Start of Dataset extract

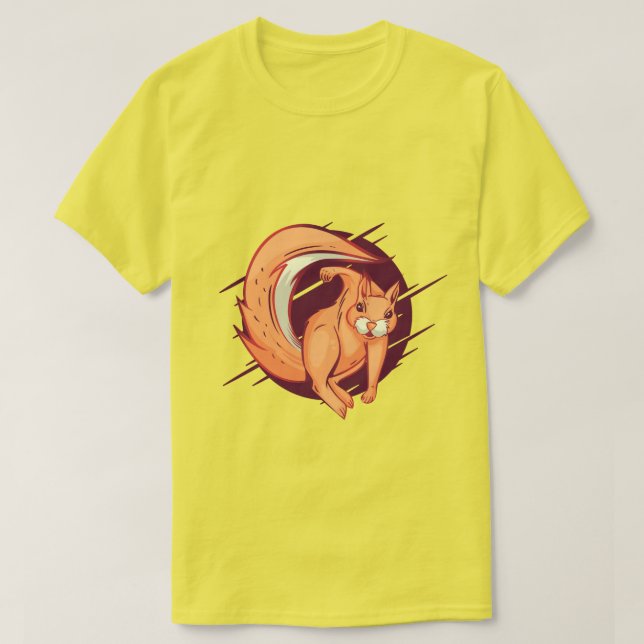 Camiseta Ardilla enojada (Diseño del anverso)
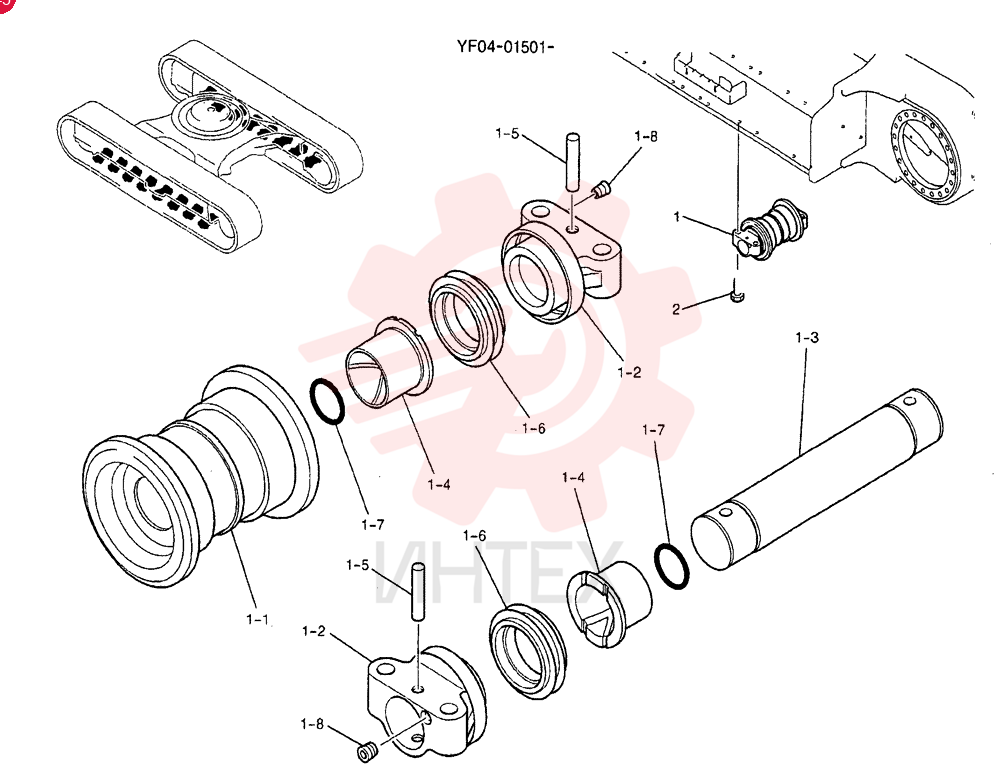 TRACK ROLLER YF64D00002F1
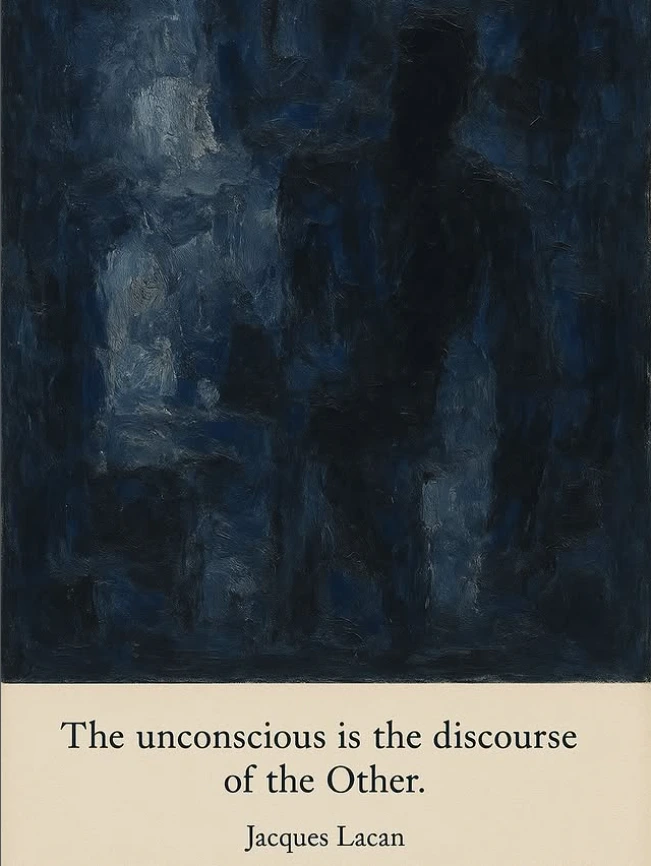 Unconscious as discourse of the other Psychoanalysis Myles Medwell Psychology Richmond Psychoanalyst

End of Dataset extract

What you should do: Every line of the listing should be repeated exactly; no picture should appear.

Response to this exercise:
 Camiseta Ardilla enojada (Diseño del anverso)
 TRACK ROLLER YF64D00002F1
 Unconscious as discourse of the other Psychoanalysis Myles Medwell Psychology Richmond Psychoanalyst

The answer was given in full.